-- Exercise objective --
Every entry must be duplicated word for word.

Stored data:
· · ·
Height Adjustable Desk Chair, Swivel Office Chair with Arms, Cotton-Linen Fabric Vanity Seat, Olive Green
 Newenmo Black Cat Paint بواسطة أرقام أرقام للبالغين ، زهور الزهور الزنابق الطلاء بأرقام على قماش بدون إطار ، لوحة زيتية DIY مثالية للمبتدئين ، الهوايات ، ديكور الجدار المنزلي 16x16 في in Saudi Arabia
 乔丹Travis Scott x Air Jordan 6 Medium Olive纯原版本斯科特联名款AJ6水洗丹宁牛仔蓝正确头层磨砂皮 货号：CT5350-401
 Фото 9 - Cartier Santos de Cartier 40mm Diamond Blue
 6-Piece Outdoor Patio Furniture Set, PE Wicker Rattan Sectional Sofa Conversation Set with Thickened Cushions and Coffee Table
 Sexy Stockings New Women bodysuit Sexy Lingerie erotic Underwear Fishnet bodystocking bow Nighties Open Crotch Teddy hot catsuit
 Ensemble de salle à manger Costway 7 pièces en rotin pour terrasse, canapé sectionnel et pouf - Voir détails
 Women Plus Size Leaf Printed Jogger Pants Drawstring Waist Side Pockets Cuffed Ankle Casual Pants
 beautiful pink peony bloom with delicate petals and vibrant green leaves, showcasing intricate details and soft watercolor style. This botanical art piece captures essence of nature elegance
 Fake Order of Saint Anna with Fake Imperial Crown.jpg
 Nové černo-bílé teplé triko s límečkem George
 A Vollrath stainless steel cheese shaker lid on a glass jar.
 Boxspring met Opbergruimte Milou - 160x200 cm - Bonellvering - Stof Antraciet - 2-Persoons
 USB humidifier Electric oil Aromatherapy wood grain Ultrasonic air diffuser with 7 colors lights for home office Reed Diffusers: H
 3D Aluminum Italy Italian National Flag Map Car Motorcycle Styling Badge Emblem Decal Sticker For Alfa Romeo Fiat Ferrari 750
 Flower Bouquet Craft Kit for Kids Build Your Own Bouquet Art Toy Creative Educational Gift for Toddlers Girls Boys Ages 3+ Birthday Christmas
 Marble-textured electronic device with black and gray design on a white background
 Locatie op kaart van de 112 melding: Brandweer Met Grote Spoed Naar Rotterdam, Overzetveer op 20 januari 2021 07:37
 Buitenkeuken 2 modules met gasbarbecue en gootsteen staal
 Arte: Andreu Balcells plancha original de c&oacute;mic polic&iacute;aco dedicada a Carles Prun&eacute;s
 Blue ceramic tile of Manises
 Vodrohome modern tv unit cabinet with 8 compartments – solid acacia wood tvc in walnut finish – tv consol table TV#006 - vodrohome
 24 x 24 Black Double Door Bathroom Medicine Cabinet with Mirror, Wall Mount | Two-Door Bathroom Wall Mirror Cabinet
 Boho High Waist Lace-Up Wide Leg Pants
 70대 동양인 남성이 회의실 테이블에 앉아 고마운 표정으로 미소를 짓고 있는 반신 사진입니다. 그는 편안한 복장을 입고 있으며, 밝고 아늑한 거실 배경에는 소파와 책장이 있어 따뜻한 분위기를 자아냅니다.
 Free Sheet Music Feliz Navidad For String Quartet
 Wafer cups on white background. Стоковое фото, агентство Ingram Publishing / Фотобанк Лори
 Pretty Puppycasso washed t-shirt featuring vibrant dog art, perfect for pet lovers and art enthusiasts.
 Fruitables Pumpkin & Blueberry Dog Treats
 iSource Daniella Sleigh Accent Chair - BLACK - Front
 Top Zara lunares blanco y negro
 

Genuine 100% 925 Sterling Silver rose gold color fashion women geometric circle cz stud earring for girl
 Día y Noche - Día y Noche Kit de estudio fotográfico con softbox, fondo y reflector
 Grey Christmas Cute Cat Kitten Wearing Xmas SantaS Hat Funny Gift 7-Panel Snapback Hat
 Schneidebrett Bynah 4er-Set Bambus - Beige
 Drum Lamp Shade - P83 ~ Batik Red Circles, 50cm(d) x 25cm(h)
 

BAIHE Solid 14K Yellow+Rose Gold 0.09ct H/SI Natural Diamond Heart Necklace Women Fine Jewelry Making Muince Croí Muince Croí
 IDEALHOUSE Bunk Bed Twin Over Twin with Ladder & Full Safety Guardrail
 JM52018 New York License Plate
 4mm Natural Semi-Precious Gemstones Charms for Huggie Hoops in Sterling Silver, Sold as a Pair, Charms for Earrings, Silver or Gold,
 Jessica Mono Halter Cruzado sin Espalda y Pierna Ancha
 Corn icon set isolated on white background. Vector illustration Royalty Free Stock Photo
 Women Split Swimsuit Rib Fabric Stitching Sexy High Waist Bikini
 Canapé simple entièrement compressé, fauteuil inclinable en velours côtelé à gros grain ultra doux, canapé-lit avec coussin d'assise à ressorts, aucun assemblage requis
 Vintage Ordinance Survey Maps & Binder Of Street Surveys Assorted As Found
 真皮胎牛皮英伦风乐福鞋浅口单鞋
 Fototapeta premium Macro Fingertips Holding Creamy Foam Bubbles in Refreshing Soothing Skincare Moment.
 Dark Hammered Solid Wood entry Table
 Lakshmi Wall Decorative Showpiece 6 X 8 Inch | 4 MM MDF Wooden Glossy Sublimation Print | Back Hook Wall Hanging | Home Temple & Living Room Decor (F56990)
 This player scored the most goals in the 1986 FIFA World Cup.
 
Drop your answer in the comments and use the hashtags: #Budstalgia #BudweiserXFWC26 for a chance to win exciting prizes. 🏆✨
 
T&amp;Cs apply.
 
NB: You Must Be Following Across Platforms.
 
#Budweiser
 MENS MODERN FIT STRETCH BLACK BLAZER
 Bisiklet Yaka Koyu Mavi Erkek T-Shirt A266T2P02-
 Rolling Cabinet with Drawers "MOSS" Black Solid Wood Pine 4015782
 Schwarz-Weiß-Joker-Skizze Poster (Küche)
· · ·
-- Task answer --
Height Adjustable Desk Chair, Swivel Office Chair with Arms, Cotton-Linen Fabric Vanity Seat, Olive Green
 Newenmo Black Cat Paint بواسطة أرقام أرقام للبالغين ، زهور الزهور الزنابق الطلاء بأرقام على قماش بدون إطار ، لوحة زيتية DIY مثالية للمبتدئين ، الهوايات ، ديكور الجدار المنزلي 16x16 في in Saudi Arabia
 乔丹Travis Scott x Air Jordan 6 Medium Olive纯原版本斯科特联名款AJ6水洗丹宁牛仔蓝正确头层磨砂皮 货号：CT5350-401
 Фото 9 - Cartier Santos de Cartier 40mm Diamond Blue
 6-Piece Outdoor Patio Furniture Set, PE Wicker Rattan Sectional Sofa Conversation Set with Thickened Cushions and Coffee Table
 Sexy Stockings New Women bodysuit Sexy Lingerie erotic Underwear Fishnet bodystocking bow Nighties Open Crotch Teddy hot catsuit
 Ensemble de salle à manger Costway 7 pièces en rotin pour terrasse, canapé sectionnel et pouf - Voir détails
 Women Plus Size Leaf Printed Jogger Pants Drawstring Waist Side Pockets Cuffed Ankle Casual Pants
 beautiful pink peony bloom with delicate petals and vibrant green leaves, showcasing intricate details and soft watercolor style. This botanical art piece captures essence of nature elegance
 Fake Order of Saint Anna with Fake Imperial Crown.jpg
 Nové černo-bílé teplé triko s límečkem George
 A Vollrath stainless steel cheese shaker lid on a glass jar.
 Boxspring met Opbergruimte Milou - 160x200 cm - Bonellvering - Stof Antraciet - 2-Persoons
 USB humidifier Electric oil Aromatherapy wood grain Ultrasonic air diffuser with 7 colors lights for home office Reed Diffusers: H
 3D Aluminum Italy Italian National Flag Map Car Motorcycle Styling Badge Emblem Decal Sticker For Alfa Romeo Fiat Ferrari 750
 Flower Bouquet Craft Kit for Kids Build Your Own Bouquet Art Toy Creative Educational Gift for Toddlers Girls Boys Ages 3+ Birthday Christmas
 Marble-textured electronic device with black and gray design on a white background
 Locatie op kaart van de 112 melding: Brandweer Met Grote Spoed Naar Rotterdam, Overzetveer op 20 januari 2021 07:37
 Buitenkeuken 2 modules met gasbarbecue en gootsteen staal
 Arte: Andreu Balcells plancha original de c&oacute;mic polic&iacute;aco dedicada a Carles Prun&eacute;s
 Blue ceramic tile of Manises
 Vodrohome modern tv unit cabinet with 8 compartments – solid acacia wood tvc in walnut finish – tv consol table TV#006 - vodrohome
 24 x 24 Black Double Door Bathroom Medicine Cabinet with Mirror, Wall Mount | Two-Door Bathroom Wall Mirror Cabinet
 Boho High Waist Lace-Up Wide Leg Pants
 70대 동양인 남성이 회의실 테이블에 앉아 고마운 표정으로 미소를 짓고 있는 반신 사진입니다. 그는 편안한 복장을 입고 있으며, 밝고 아늑한 거실 배경에는 소파와 책장이 있어 따뜻한 분위기를 자아냅니다.
 Free Sheet Music Feliz Navidad For String Quartet
 Wafer cups on white background. Стоковое фото, агентство Ingram Publishing / Фотобанк Лори
 Pretty Puppycasso washed t-shirt featuring vibrant dog art, perfect for pet lovers and art enthusiasts.
 Fruitables Pumpkin & Blueberry Dog Treats
 iSource Daniella Sleigh Accent Chair - BLACK - Front
 Top Zara lunares blanco y negro
 

Genuine 100% 925 Sterling Silver rose gold color fashion women geometric circle cz stud earring for girl
 Día y Noche - Día y Noche Kit de estudio fotográfico con softbox, fondo y reflector
 Grey Christmas Cute Cat Kitten Wearing Xmas SantaS Hat Funny Gift 7-Panel Snapback Hat
 Schneidebrett Bynah 4er-Set Bambus - Beige
 Drum Lamp Shade - P83 ~ Batik Red Circles, 50cm(d) x 25cm(h)
 

BAIHE Solid 14K Yellow+Rose Gold 0.09ct H/SI Natural Diamond Heart Necklace Women Fine Jewelry Making Muince Croí Muince Croí
 IDEALHOUSE Bunk Bed Twin Over Twin with Ladder & Full Safety Guardrail
 JM52018 New York License Plate
 4mm Natural Semi-Precious Gemstones Charms for Huggie Hoops in Sterling Silver, Sold as a Pair, Charms for Earrings, Silver or Gold,
 Jessica Mono Halter Cruzado sin Espalda y Pierna Ancha
 Corn icon set isolated on white background. Vector illustration Royalty Free Stock Photo
 Women Split Swimsuit Rib Fabric Stitching Sexy High Waist Bikini
 Canapé simple entièrement compressé, fauteuil inclinable en velours côtelé à gros grain ultra doux, canapé-lit avec coussin d'assise à ressorts, aucun assemblage requis
 Vintage Ordinance Survey Maps & Binder Of Street Surveys Assorted As Found
 真皮胎牛皮英伦风乐福鞋浅口单鞋
 Fototapeta premium Macro Fingertips Holding Creamy Foam Bubbles in Refreshing Soothing Skincare Moment.
 Dark Hammered Solid Wood entry Table
 Lakshmi Wall Decorative Showpiece 6 X 8 Inch | 4 MM MDF Wooden Glossy Sublimation Print | Back Hook Wall Hanging | Home Temple & Living Room Decor (F56990)
 This player scored the most goals in the 1986 FIFA World Cup.
 
Drop your answer in the comments and use the hashtags: #Budstalgia #BudweiserXFWC26 for a chance to win exciting prizes. 🏆✨
 
T&amp;Cs apply.
 
NB: You Must Be Following Across Platforms.
 
#Budweiser
 MENS MODERN FIT STRETCH BLACK BLAZER
 Bisiklet Yaka Koyu Mavi Erkek T-Shirt A266T2P02-
 Rolling Cabinet with Drawers "MOSS" Black Solid Wood Pine 4015782
 Schwarz-Weiß-Joker-Skizze Poster (Küche)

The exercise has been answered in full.